With many information technology staffs not just shorthanded but working more and more feverishly on year 2000 troubles, one of the last things they want to do is put everything down and spend hours running voluminous database queries. Yet their end users still need that data.

This week, Brio Technology Inc. in Palo Alto, California, introduced a data warehousing program designed to help users with that trouble as well as to assist them in making sure their operational data is safe from year 2000 harm.

"Given the fact we have a limited IT staff, we don't have enough money or bodies to throw at every problem," said John McGinn, IT services administrator at the Oregon Department of Agriculture.

Brio's program, BI2000, doesn't fix applications themselves, but rather helps users move system data into a data mart or data warehouse. During the move, BI2000 looks for and fixes year 2000 inconsistencies in the data. Otherwise, it's no different from any other data movement tool.
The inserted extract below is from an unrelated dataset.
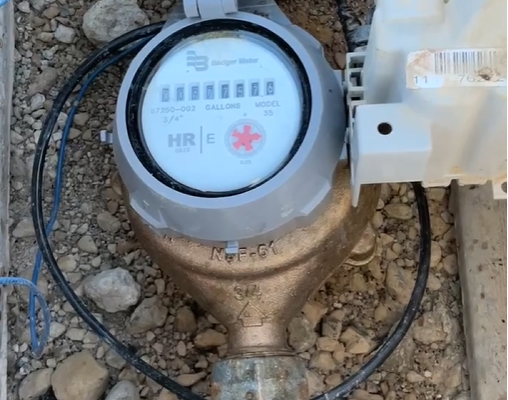 Whole House Angle Stop Replacement, Las Vegas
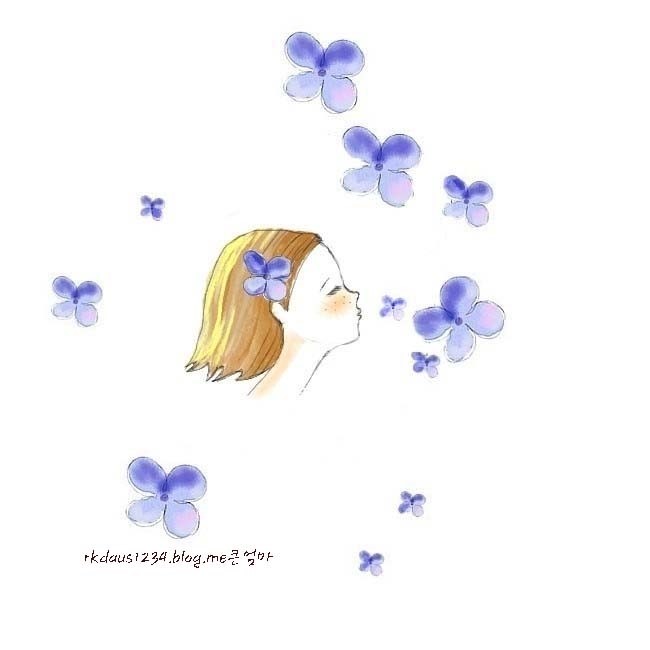 청보라정원 이미지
Once the data is there, more users can access it and do their own analyses instead of passing their report requests along to overburdened IT staffers.
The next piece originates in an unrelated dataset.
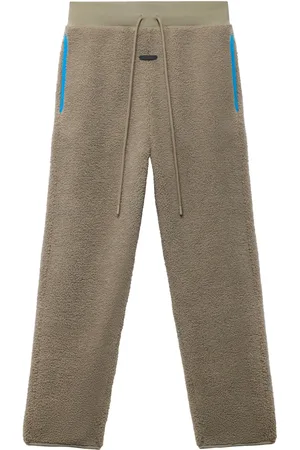 FEAR OF GOD X adidas Fleece-Hiking-Hose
Metz Baking Co., a Deerfield, Illinois-based firm with 18 bakeries in 16 Midwestern states, implemented that approach recently by taking all the data generated from its IBM AS/400-based mainframes and running it into a data warehouse that measures about 40G bytes.

This approach "puts data in the hands of the users, gets the IT shop out of the middle and allows us to concentrate our entire staff's efforts on mak-ing sure our software [applications are] year 2000-compliant," said Larry Hames (larryh@metzbaking.com), Metz's senior vice president of IT.

"This approach is distinct in that it isn't as concerned with the applications but helps protect the data itself," said Wayne Eckerson, an analyst at the Data Warehousing Institute in Gaithersburg, Maryland.

Brio will partner with IBM in this program, which should provide it with plenty of customers, Eckerson said, because "IBM platforms support more non-Y2K-compliant reporting applications than any others."

Karen Tripp, applications development supervisor at Plymouth Rock Assurance Corp. in Boston, said Brio's warehousing approach has not only given more users in her company access to the data they need, but also let her organization replace "at least 20 old, difficult-to-maintain, C-based programs" originally written to build databases. Now the insurance company uses simple Visual Basic scripts for that purpose.

McGinn said the Oregon Agriculture Department took this approach because his small IT staff was getting swamped for data-report requests as year 2000 projects loomed more ominously.